The aim of the present study was therefore 1) to investigate GH secretion and water loss in laboratory during cycling of the running-cycling sequence (C2 of R1-C2) and running of the cycling-running sequence (R2 of C1-R2) of similar relative intensity and duration, and 2) to determine whether these parameters contribute to the expanded plasma volume during sequential running, as previously described.

Materials and Methods

Subjects

Eight elite male triathletes participated in this study (Figure 1). All were students and members of the university athletic team, which has been national university triathlon champion for five consecutive years. The triathletes also belonged to the French federation team. They regularly competed in the European Triathlon Union Cup, the International Triathlon Union Cup, and short-distance national triathlon championships. All athletes had competed at the elite level for four to ten years preceding the study. In these conditions, we assume that, although the small size of the group might constitute a methodological limitation, it is nevertheless compensated by the high level and expertise of these triathletes. All trials were performed at the start of the competitive season; for further details on a typical season, please see Galy et al. [16]. The triathletes were 22.1±2.9 years old, with a weight of 69.3±6.4 kg and a height of 181.6±7.4 cm (Table 1). They were non-smokers without histories of pulmonary or cardiovascular disease.

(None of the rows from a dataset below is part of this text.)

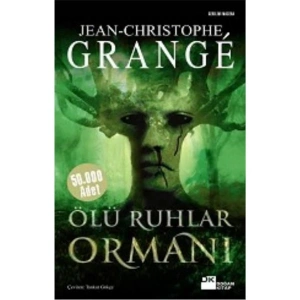 Ölü Ruhlar Ormanı - Jean-Christophe Grange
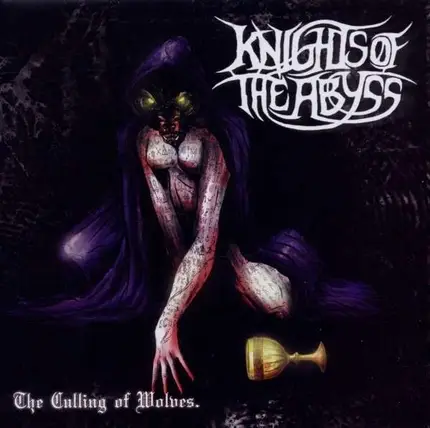 Knights of the Abyss - Culling of Wolves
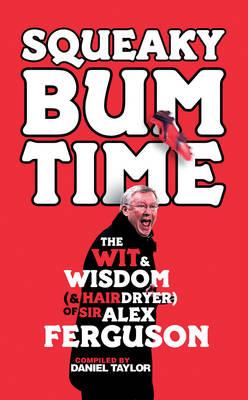Squeaky Bum Time: The Wit & Wisdom of Sir Alex Ferguson - Taylor, Daniel (Compiled by)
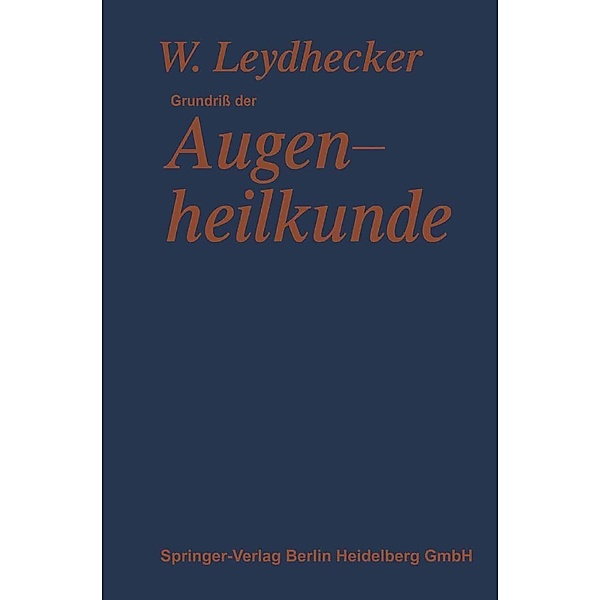 Grundriss der Augenheilkunde, Wolfgang Leydhecker, Franz Schieck, Ernst Engelking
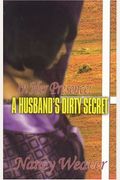 In Her Presence: A Husband's Dirty Secret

Training included swimming, cycling, and running for 5.6±1.6, 9.5±2.4, and 2.7±0.9 hours.week−1, respectively. None of the athletes were taking medication or had been injured in the three months preceding the study. They were familiarized with treadmill and cycle ergometer use in the first session and they performed maximal exercise in the second session. They gave written consent to participate in this study after the purpose, design and risks had been described. The study protocol complied with legal requirements and the declarations of Helsinki and was approved by the University Ethics Committee of the University of Montpellier I, Montpellier, France.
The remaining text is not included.